### TASK TO COMPLETE
Write the listing out again word for word. Pictures do not belong in the copy.

### DATASET EXTRACT
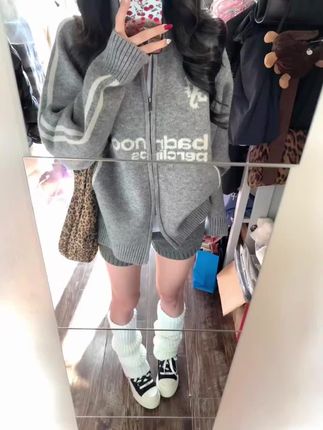 oversize!棒球风圆领拉链毛衣开衫外套女秋装新款韩版宽松针织衫#棒球风#开衫毛衣#韩版#宽松#针织衫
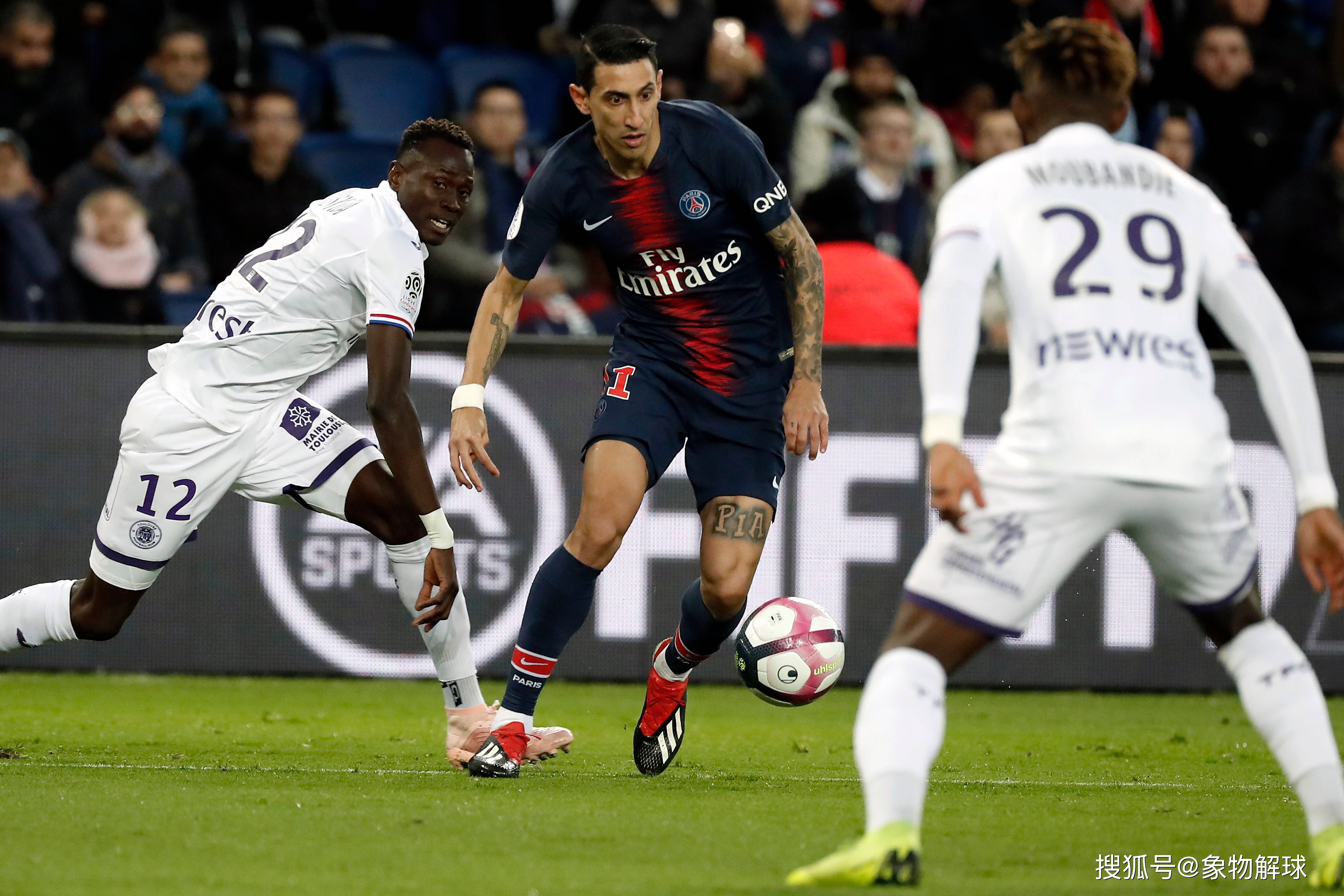 利物浦围绕CBA季后赛远射贴柱法兰克福战术微调备战法国杯，现场解说直呼：加时末段突围战来临(法兰克福vs奥格斯堡直播在线看)开元体育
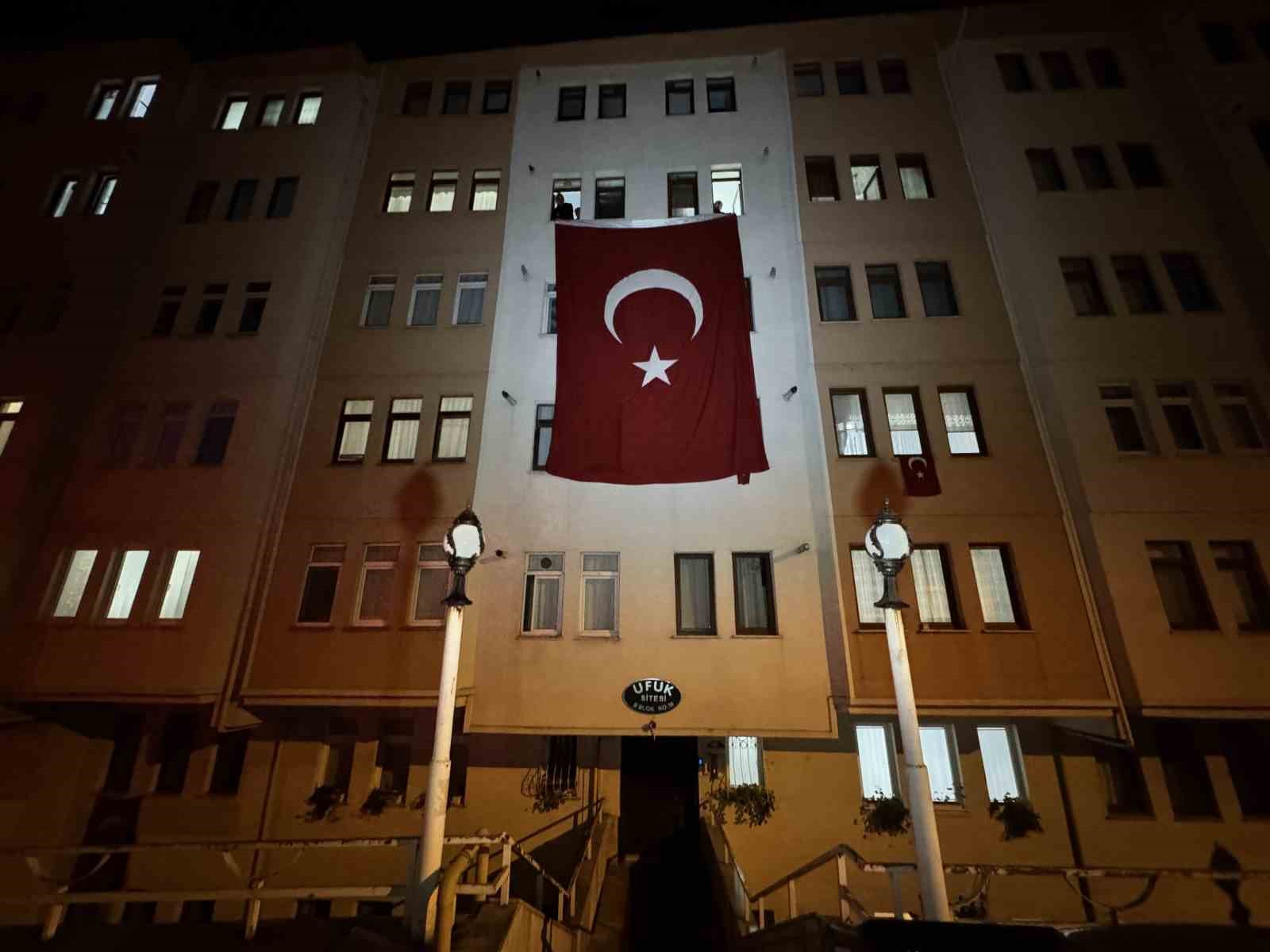 sehit astsubay ozcanin baba ocagina turk bayragi asildi 3 deTwQ4zV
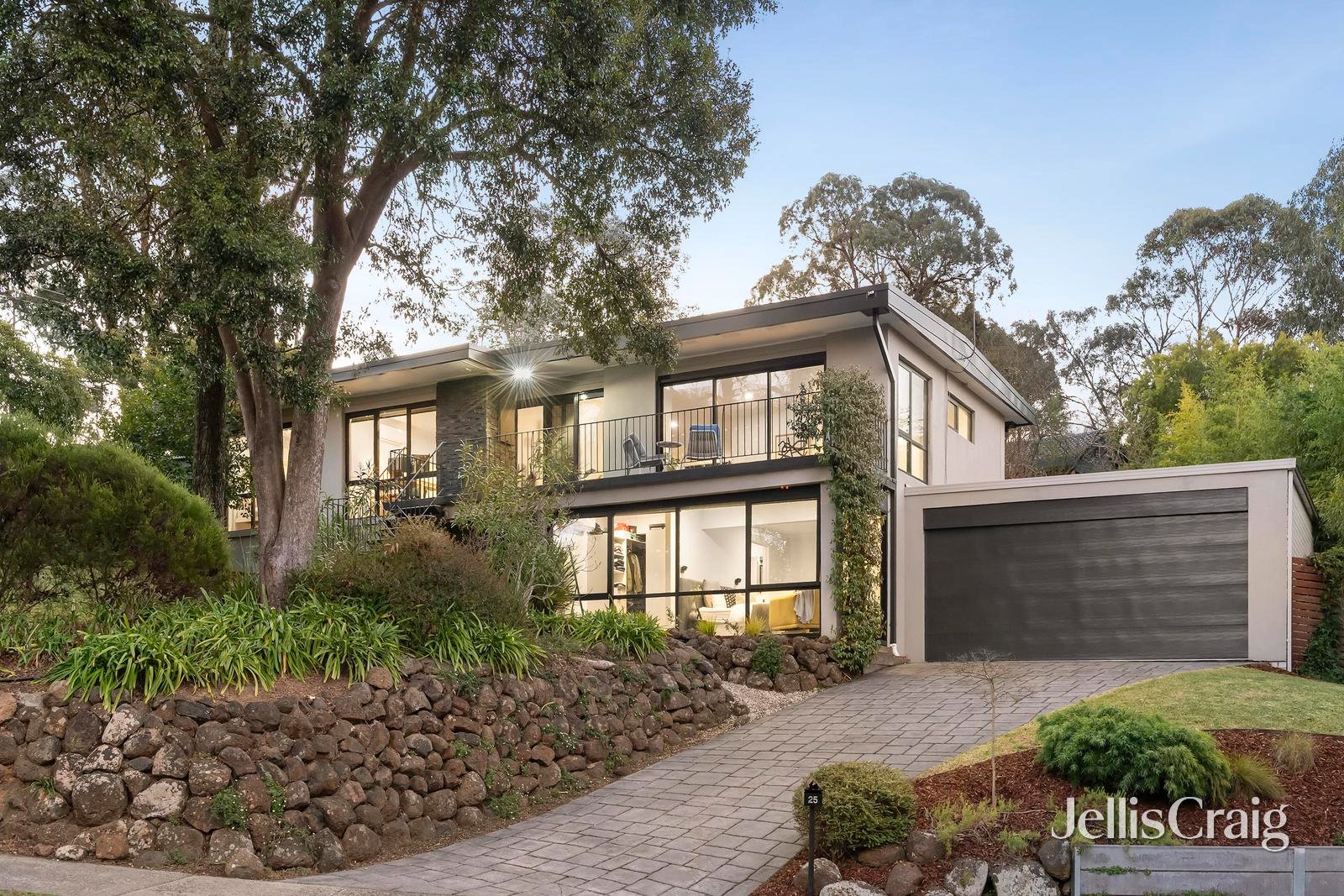 25 Long View Road, Croydon South image 1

### REPLY TO THE TASK
 oversize!棒球风圆领拉链毛衣开衫外套女秋装新款韩版宽松针织衫#棒球风#开衫毛衣#韩版#宽松#针织衫
 利物浦围绕CBA季后赛远射贴柱法兰克福战术微调备战法国杯，现场解说直呼：加时末段突围战来临(法兰克福vs奥格斯堡直播在线看)开元体育
 sehit astsubay ozcanin baba ocagina turk bayragi asildi 3 deTwQ4zV
 25 Long View Road, Croydon South image 1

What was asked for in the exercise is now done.